§ **HOW TO COMPLETE THIS TASK**
The response consists of the lines from the start of the material below through the line holding "Hra Jazda SUV-om s prekážkami 4x4 online", repeated word for word and without pictures.
————————
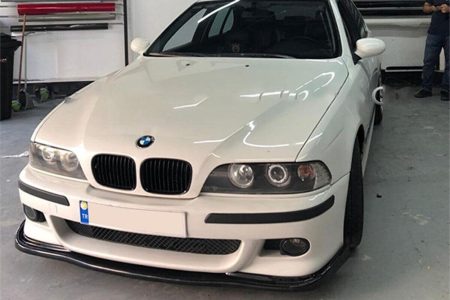 e39 m ön tampon eki
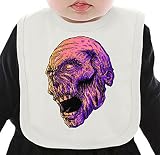 Zombie head ネクタイを有する有機ビブ Medium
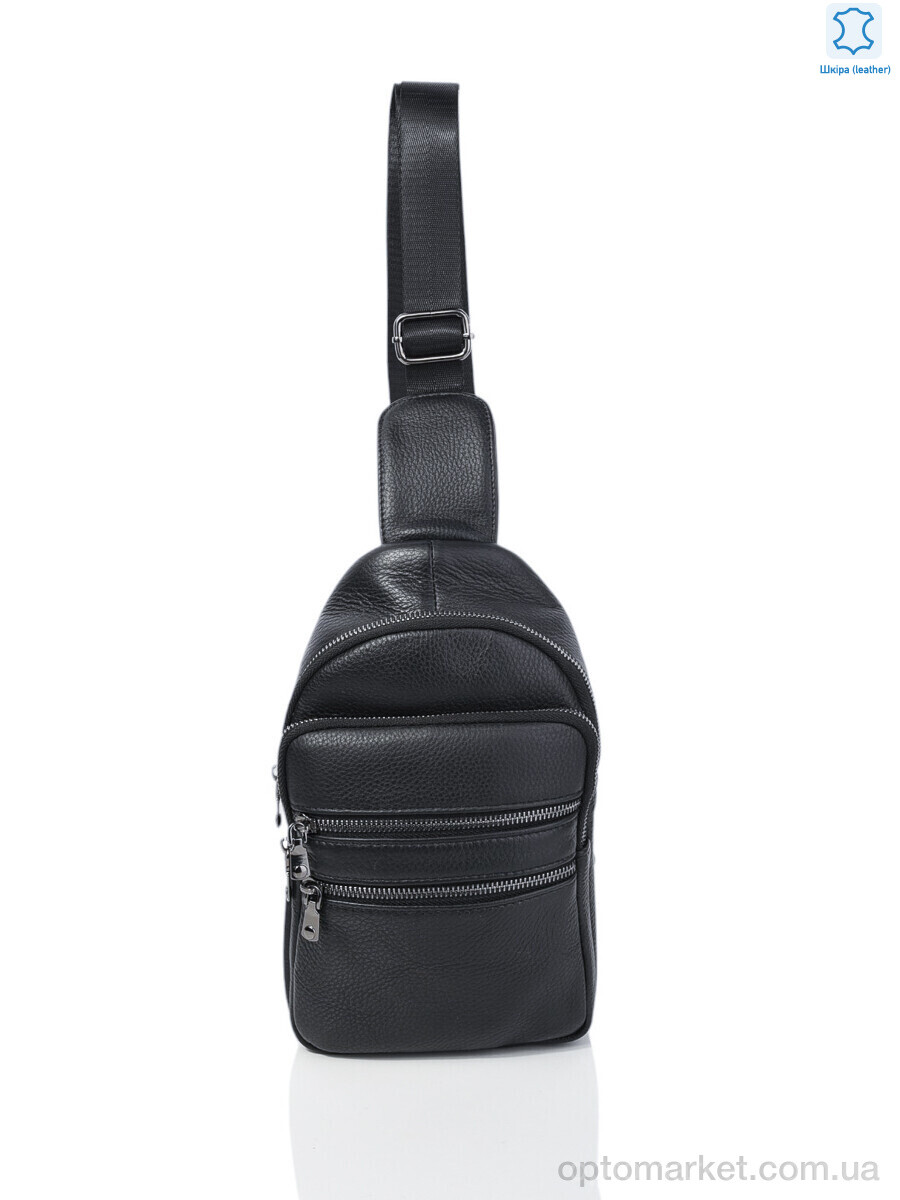 Купить Сумка чоловіча 874N black Sunshine bag чорний, фото 1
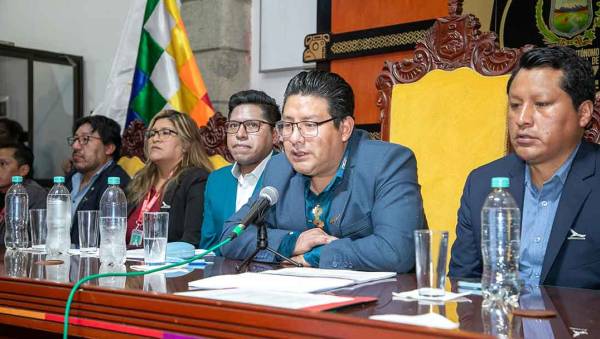 Rendición de cuentas 2025: Gobernación de La Paz prioriza 110 proyectos para las 20 provincias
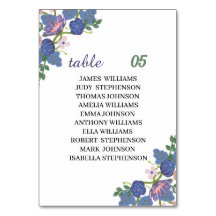 Elegante Lila Blume Custom Wedding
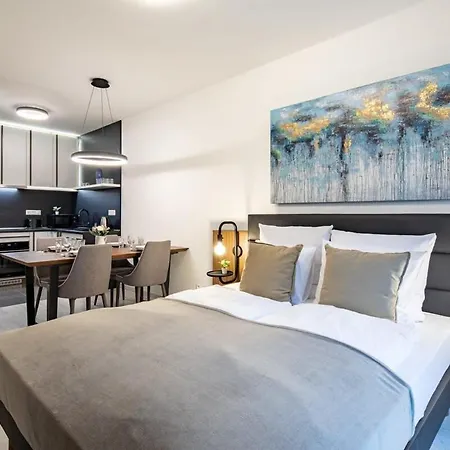 Terrace Garden - Free Parking - New And Cozy * 布达佩斯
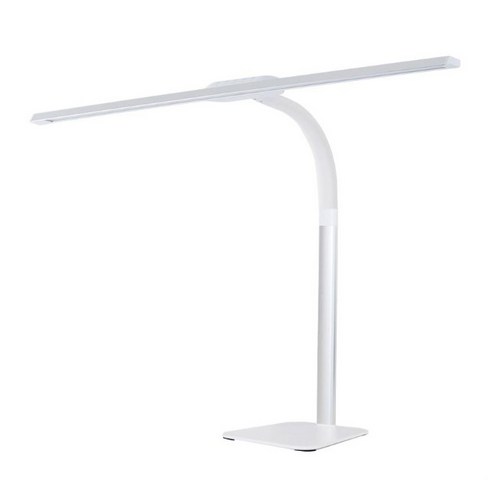 스피아노 테드 LED 안티 블루라이트 와이드 스탠드 데스크형 SL-W800D PRO, 화이트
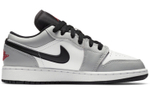 Jordan 1 Low 'Light Smoke Grey' GS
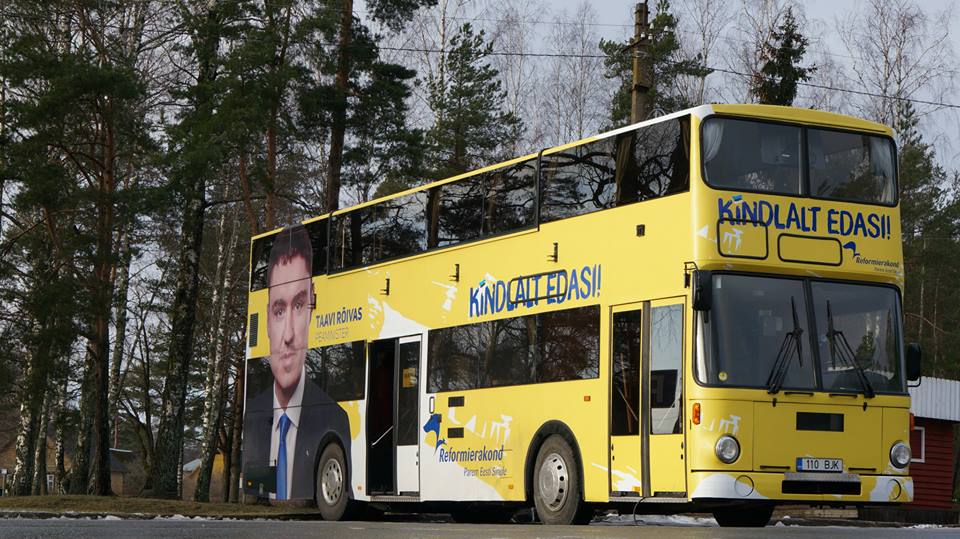 Martin Kukk_Uuenenud Reformierakonna nimekirjas kandideerib 50 inimest parlamenti esimest korda
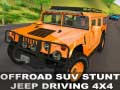 Hra Jazda SUV-om s prekážkami 4x4 online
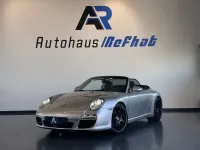 Gebraucht Porsche 911 Carrera Cabriolet 345 PS (253 kW) 2009 Silber Cabrio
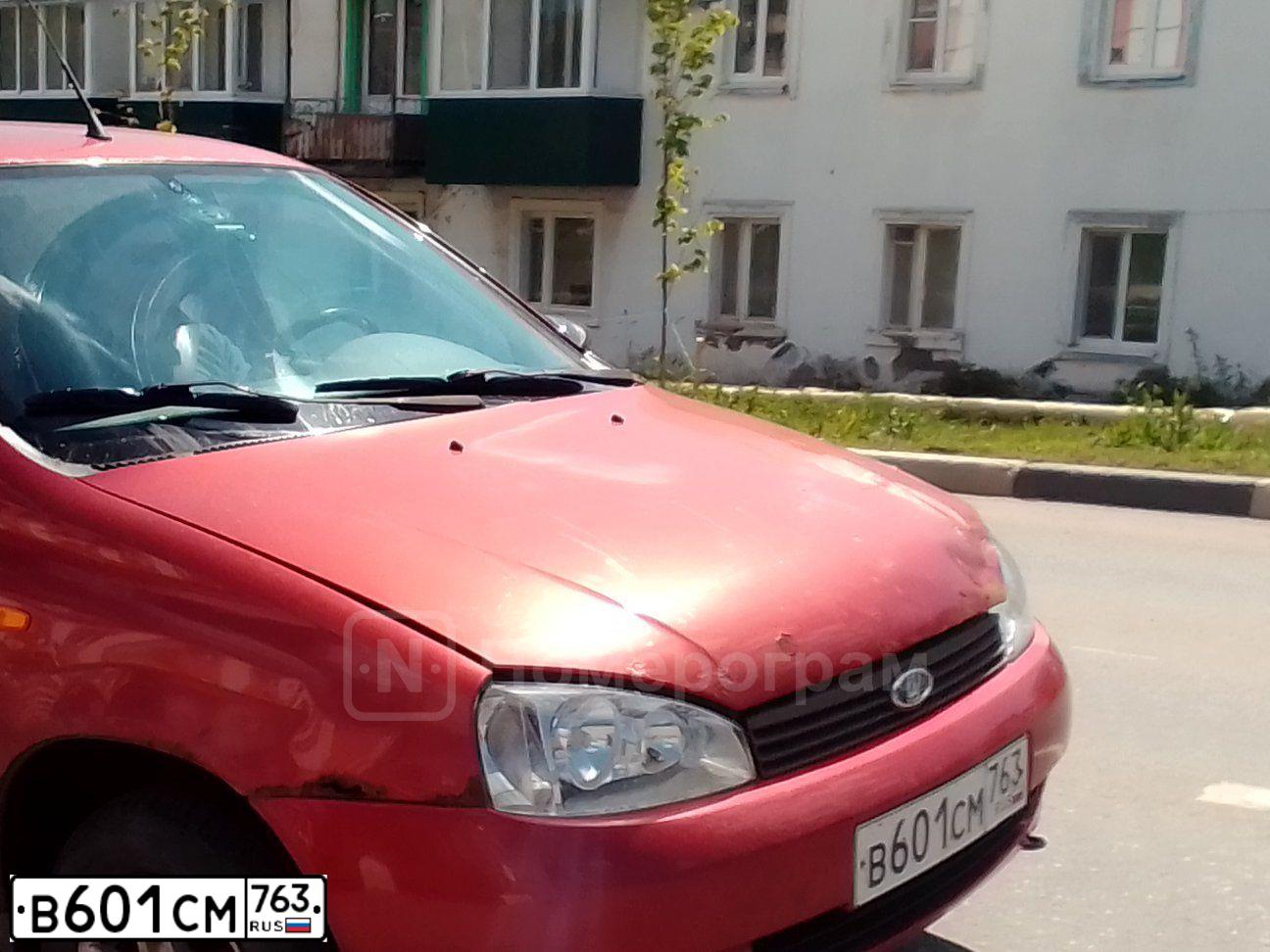 Фото автомобиля LADA KALINA, 2005 — госномер Е988СМ156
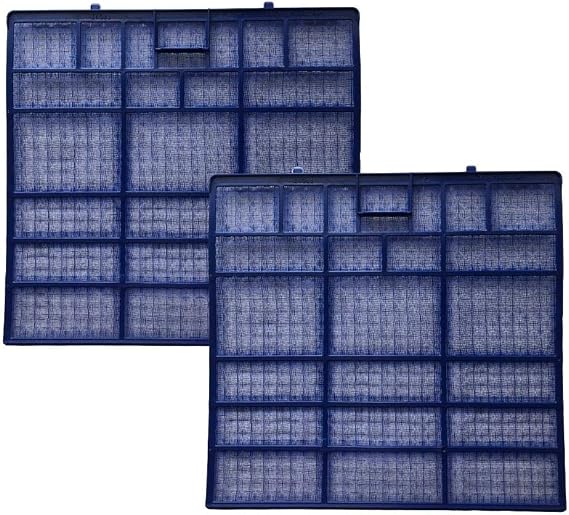 Mitsubishi Electric E12 L85 100 Nano Platinum Mini Split Filter 2-Pack *VERIFY UNIT COMPATIBILITY BEFORE ORDERING*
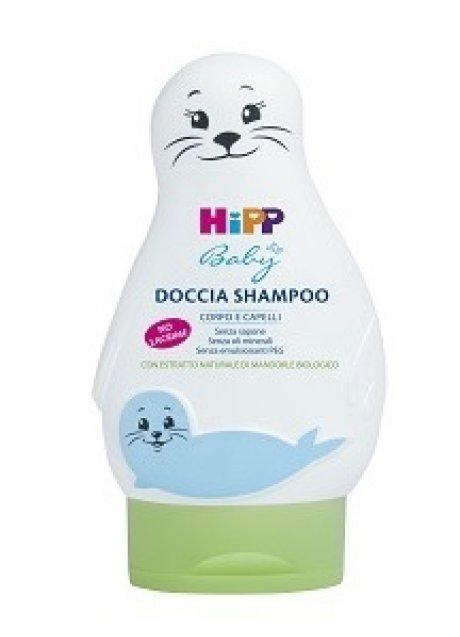 HIPP DOCCIA SHAMPOO FOCHETTA 200 ML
————————
§ **TASK OUTPUT**
 e39 m ön tampon eki
 Zombie head ネクタイを有する有機ビブ Medium
 Купить Сумка чоловіча 874N black Sunshine bag чорний, фото 1
 Rendición de cuentas 2025: Gobernación de La Paz prioriza 110 proyectos para las 20 provincias
 Elegante Lila Blume Custom Wedding
 Terrace Garden - Free Parking - New And Cozy * 布达佩斯
 스피아노 테드 LED 안티 블루라이트 와이드 스탠드 데스크형 SL-W800D PRO, 화이트
 Jordan 1 Low 'Light Smoke Grey' GS
 Martin Kukk_Uuenenud Reformierakonna nimekirjas kandideerib 50 inimest parlamenti esimest korda
 Hra Jazda SUV-om s prekážkami 4x4 online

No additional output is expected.